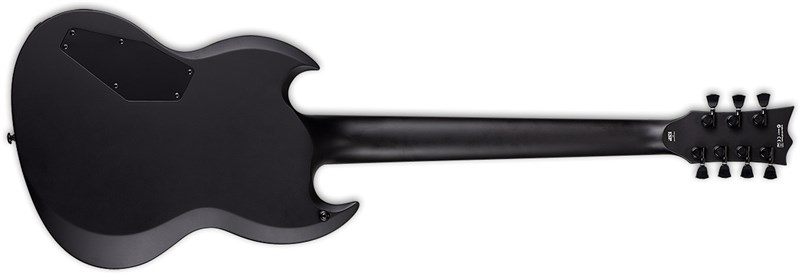 ESP LTD Viper-7 Baritone Black Metal Black Satin 2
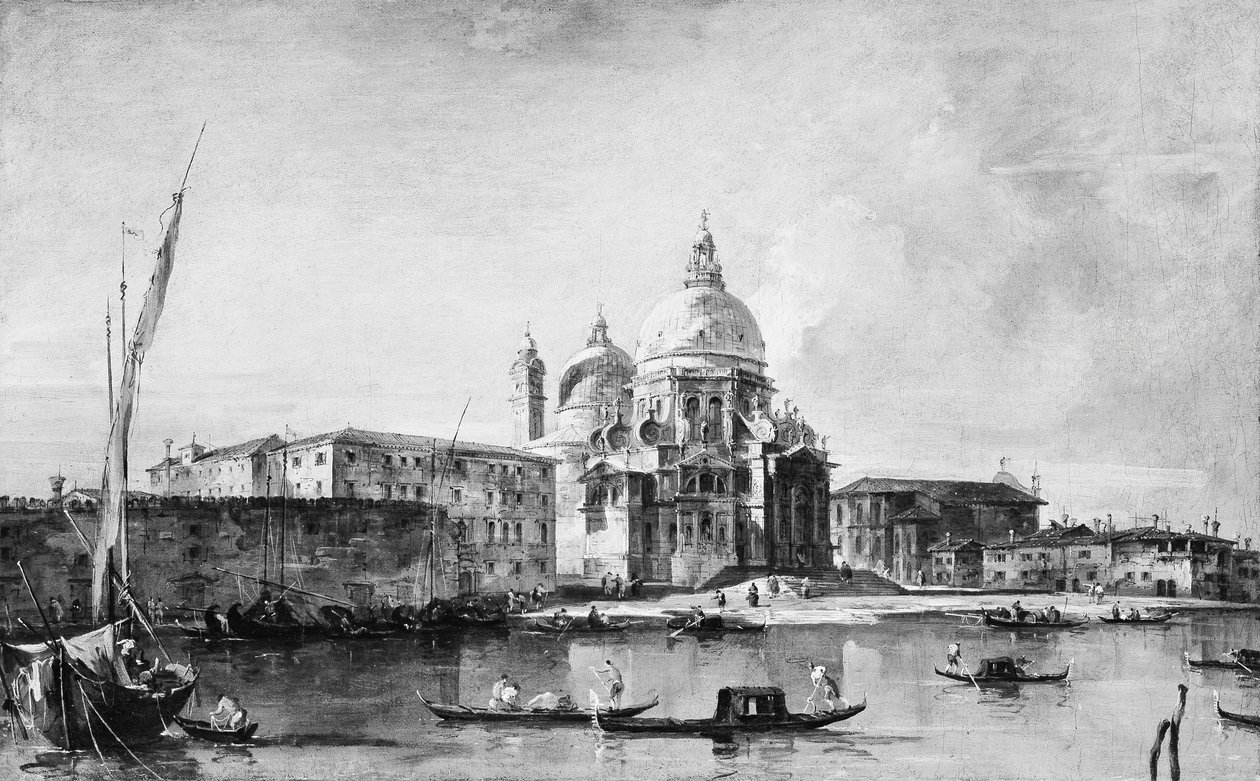 Santa Maria della Salute, midten til slutten av 1760-tallet. av Francesco Guardi
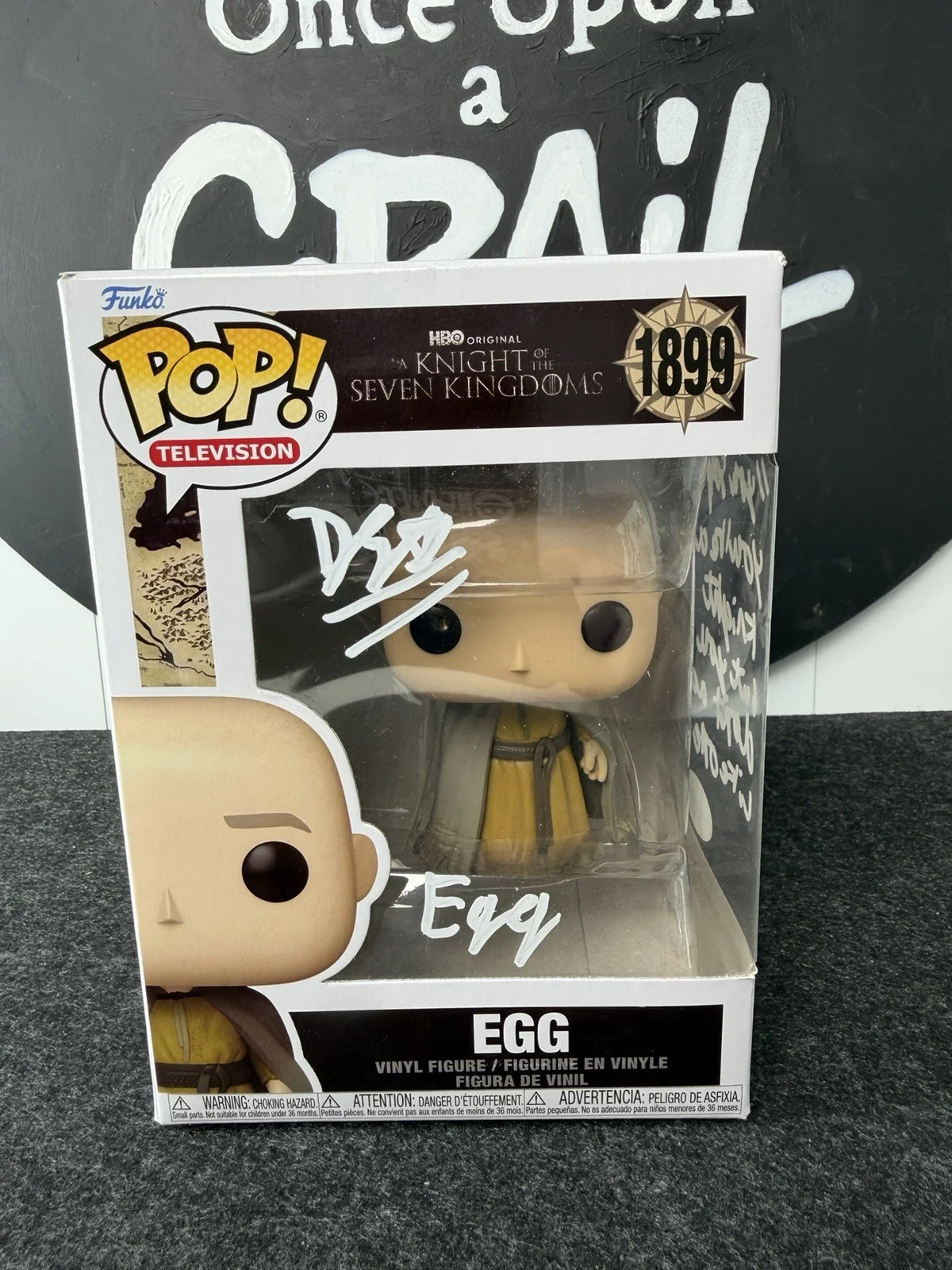 ACOA COA Signed Funko Pop! Egg A Knight Of The Seven Kingdoms Dexter Sol Ansell, image 2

What is needed: The result should be the material above, unchanged and free of pictures; please print it.

Task solution:
 ESP LTD Viper-7 Baritone Black Metal Black Satin 2
 Santa Maria della Salute, midten til slutten av 1760-tallet. av Francesco Guardi
 ACOA COA Signed Funko Pop! Egg A Knight Of The Seven Kingdoms Dexter Sol Ansell, image 2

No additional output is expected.